Root Cause Analysis is quite simply, a technique used when analysing the symptoms of a problem in an attempt to identify its definitive cause. One important point to clarify is that an event that deters a process from flowing efficiently is known as an “issue" whereas the repetition of an issue continuously can be described as a problem. Root Cause Analysis can be applied to problem analysis. When problems are not effectively studied, unsuitable resolutions may be endorsed.
By applying the root cause analysis technique to problem solving, one can avoid proffering an incorrect solution to a problem. Business analysts should not offer a solution recommendation until the underlying cause of the problem has been identified and understood. The first step in solving a problem is identifying the root cause of the problem.
The fishbone diagram (see below) visually illustrates how root cause analysis is structured. The main classes of possible causes are linked to the “backbone” of the fishbone diagram as shown below. The diagram helps to organize ideas for further analysis.
Perhaps the most ideal and complementary technique that aids in describing root cause analysis is the five whys.
When conducting a root cause analysis, “Why” becomes a key question for the business analyst to ask. This is because it is often used to establish the root cause of a problem and can be applied multiple times in problem analysis for as long as it takes to arrive at the correct answer. The “five whys” model allows one to ask “why” as many times as possible until the root cause of the problem is known. The root cause may even be identified after a few whys without necessarily reaching the 5th why or beyond.
The five whys technique can be illustrated using the example below:
Problem: The organisation is currently experiencing a lot of theft
1. Why? The security agents are afraid of confrontation
2. Why? They are defenceless
3. Why? They are not sufficiently equipped to deal with the menace
4. Why? The organisation did not allocate enough funds to equip them
5. Why? Management did not prioritise the matter (root cause)

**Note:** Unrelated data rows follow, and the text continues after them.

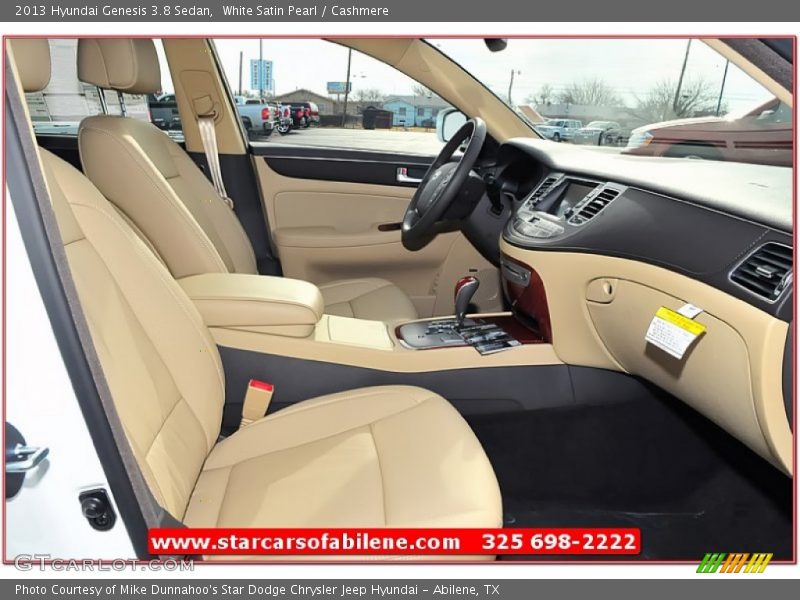White Satin Pearl / Cashmere 2013 Hyundai Genesis 3.8 Sedan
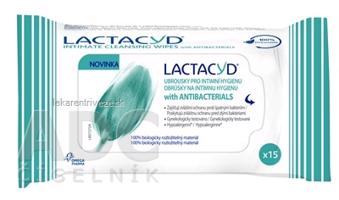 LACTACYD with ANTIBACTERIALS obrúsky na intímnu hygienu 1x15 ks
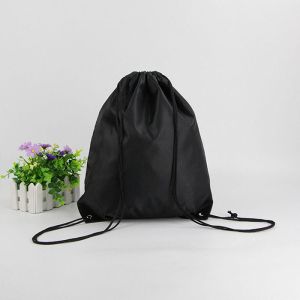 Anti Bacterial PP Reusable Drawstring Bag 125gsm Drawstring Eco Bag Purple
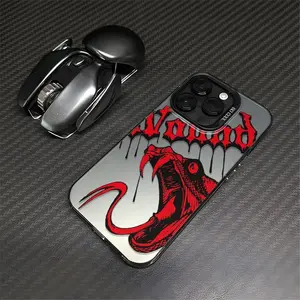 dark and sinister python for use with iPhone 17 air 16 Pro max 15 plus 14 Pro 13/12/11/X/XR/XSMAXdark hor hard holographic phone case compatible with Samsung Galaxy S25 ultra S24 plus S23 FE S22/S21 dark personality latest viral unique Gothic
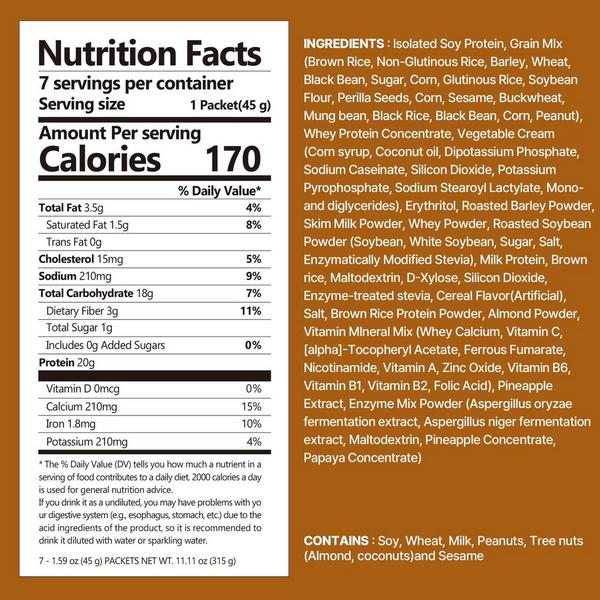 Flimeal Brown 17Grains Protein Shake #8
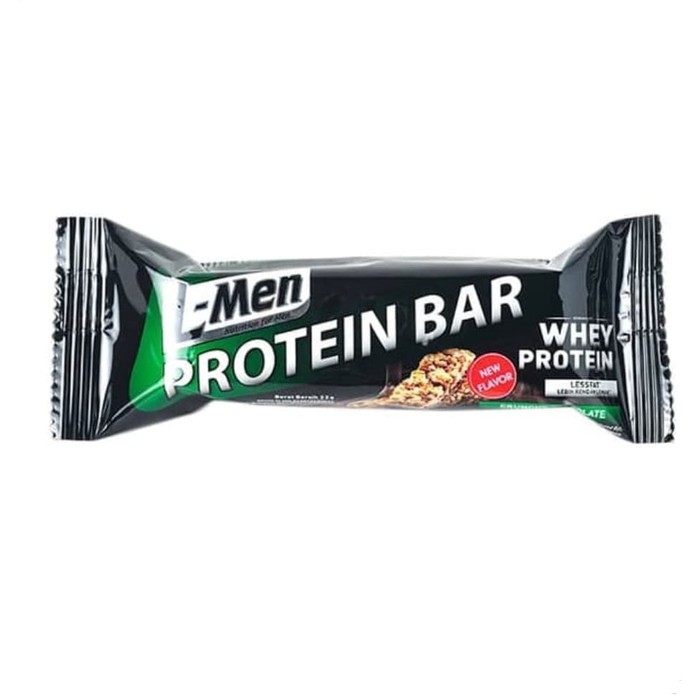 

Snack Tinggi Protein dan Rendah Lemak L-Men - Whey Protein Bar - Chocolate - 22 gr Snack Fitness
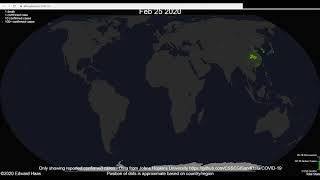 the spread of coronavirus in the world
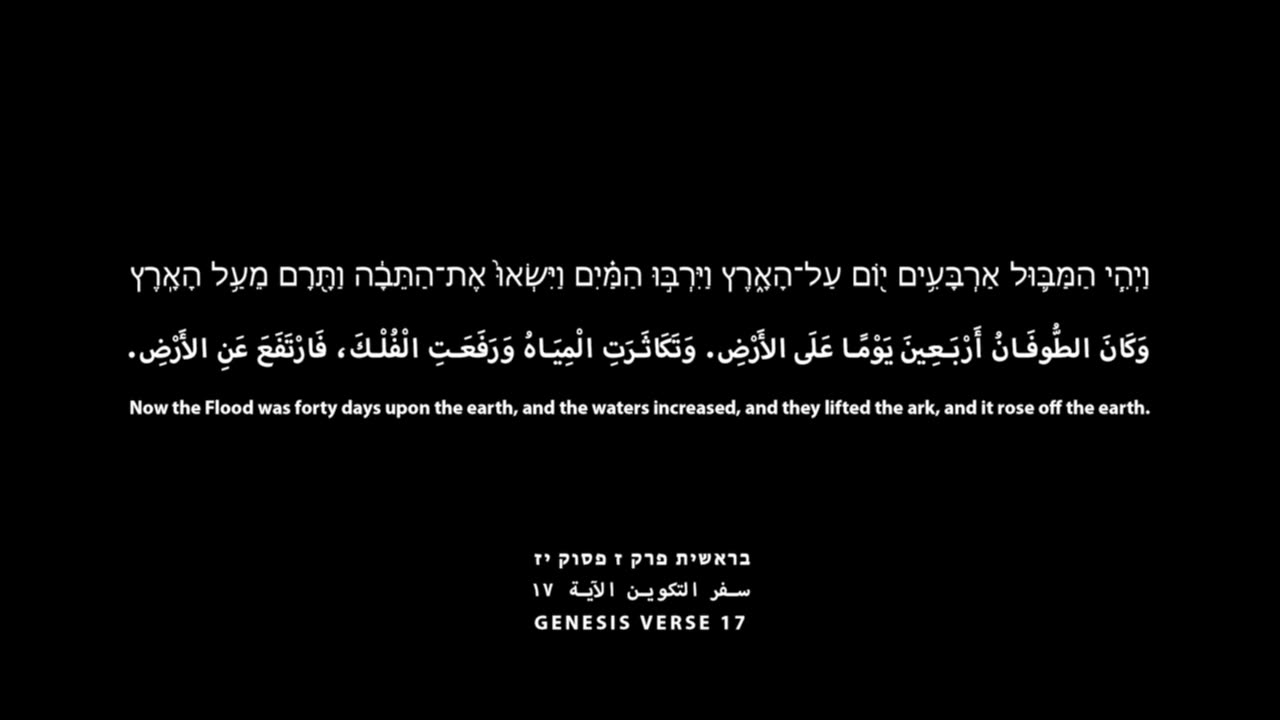 Hezbollah publishes a video with the message from Genesis 7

Root Cause Analysis is based on the presumptions that:
There may be more than one factor contributing to existing problems
A problem is best corrected from its origin instead of dealing only with its visible effects
As a form of proactive analysis, the root cause technique may also be used for identifying problems that are likely to occur and design preventive action to tackle them when they do.
When using this technique, it is important to ensure that it is the root cause that is identified and not the symptoms of the problem.